---- Data shown

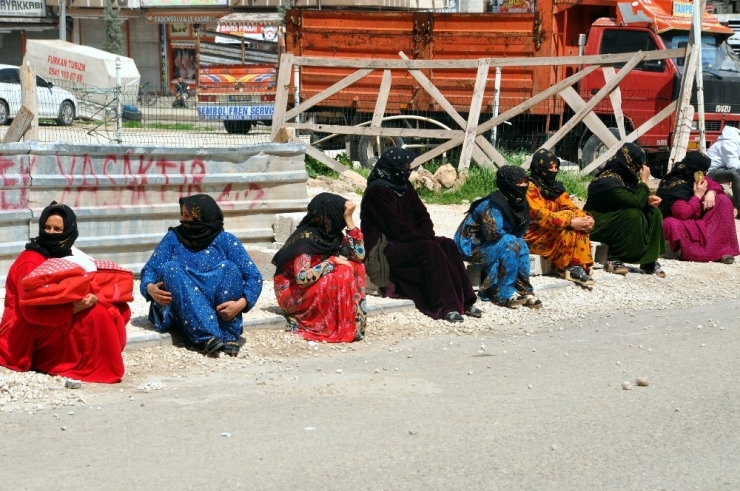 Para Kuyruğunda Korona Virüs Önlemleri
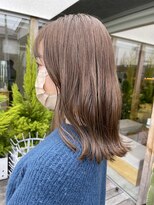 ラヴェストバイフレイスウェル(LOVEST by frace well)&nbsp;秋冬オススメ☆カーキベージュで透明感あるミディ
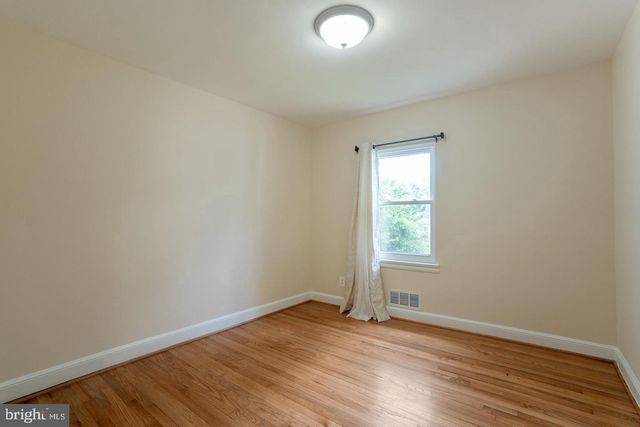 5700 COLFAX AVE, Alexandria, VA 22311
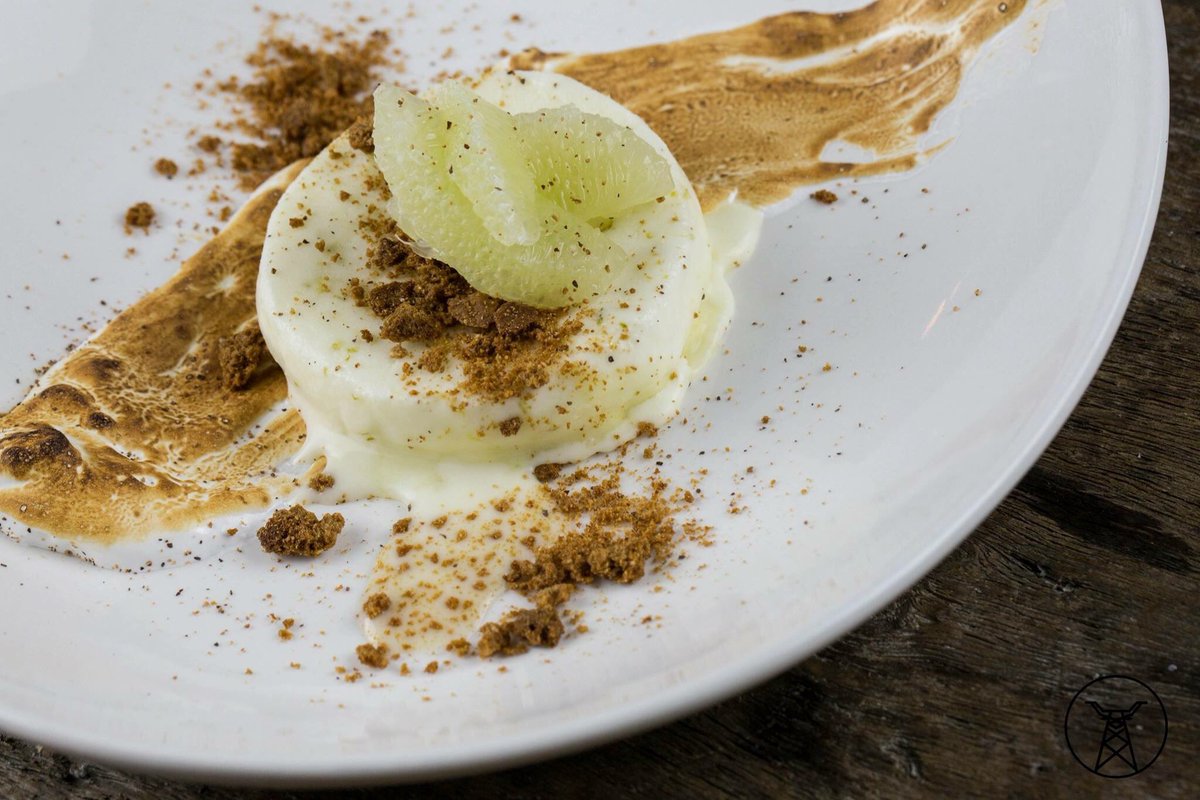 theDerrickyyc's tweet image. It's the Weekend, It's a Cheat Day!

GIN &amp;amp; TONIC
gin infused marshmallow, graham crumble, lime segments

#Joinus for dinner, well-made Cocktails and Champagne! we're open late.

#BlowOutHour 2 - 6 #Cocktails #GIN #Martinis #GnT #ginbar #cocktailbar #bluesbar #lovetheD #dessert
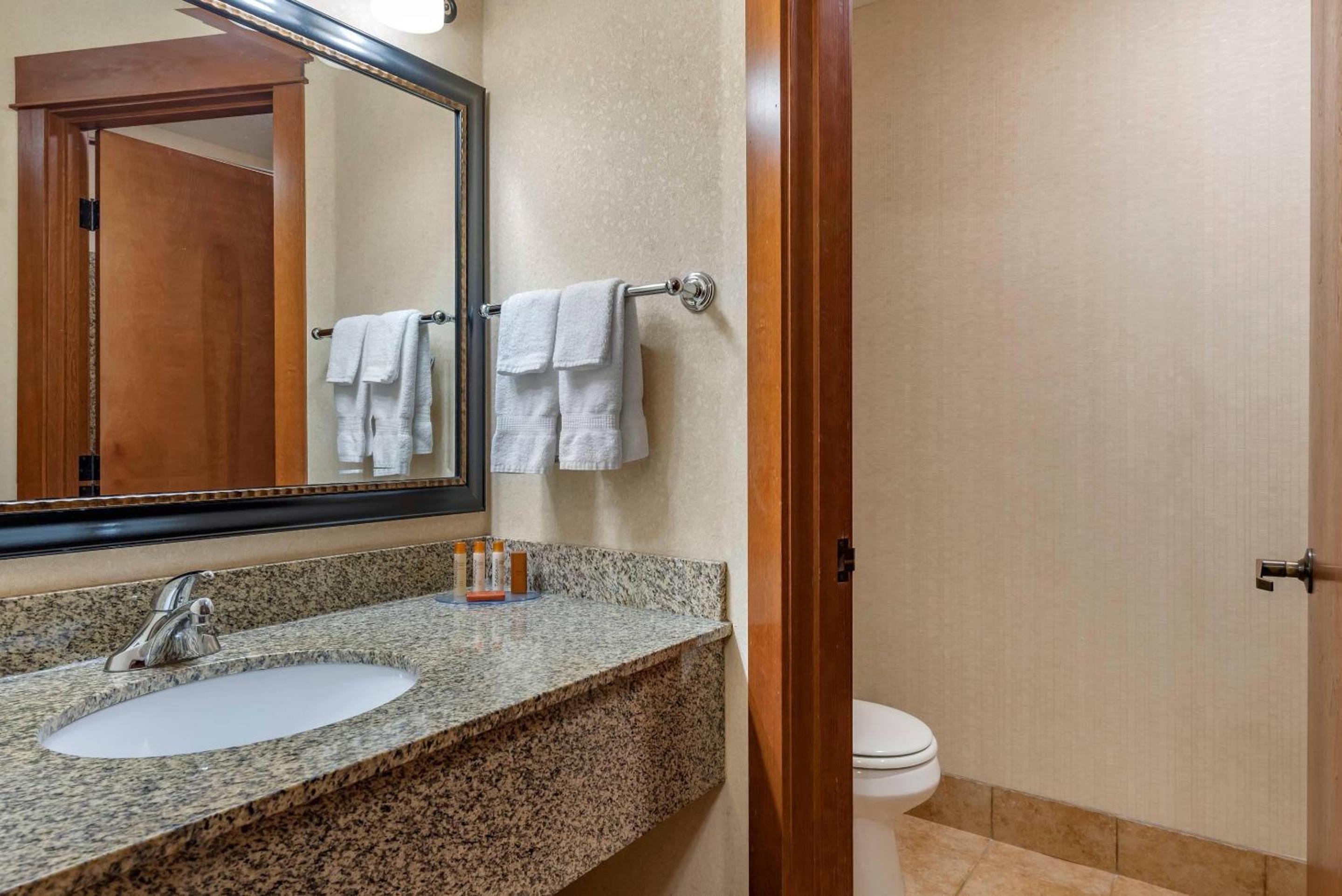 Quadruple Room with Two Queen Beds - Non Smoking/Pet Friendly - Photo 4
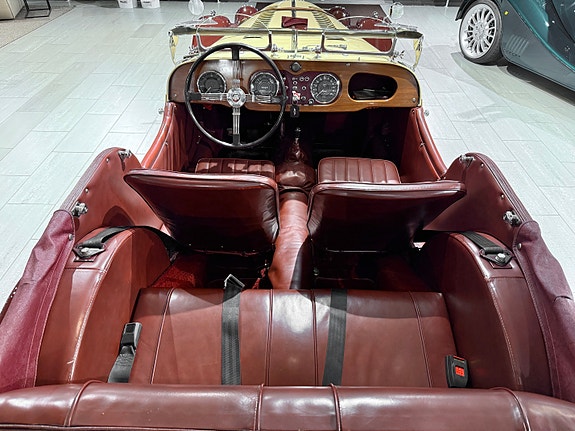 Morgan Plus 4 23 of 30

--------
---- Data shown

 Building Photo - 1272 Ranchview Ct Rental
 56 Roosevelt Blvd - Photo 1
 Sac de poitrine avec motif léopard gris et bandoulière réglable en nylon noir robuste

--------

- **Task goal**
Return, from the data, each line that has the word "Cocktails" in it.

- **Completed task**
#Joinus for dinner, well-made Cocktails and Champagne! we're open late.
#BlowOutHour 2 - 6 #Cocktails #GIN #Martinis #GnT #ginbar #cocktailbar #bluesbar #lovetheD #dessert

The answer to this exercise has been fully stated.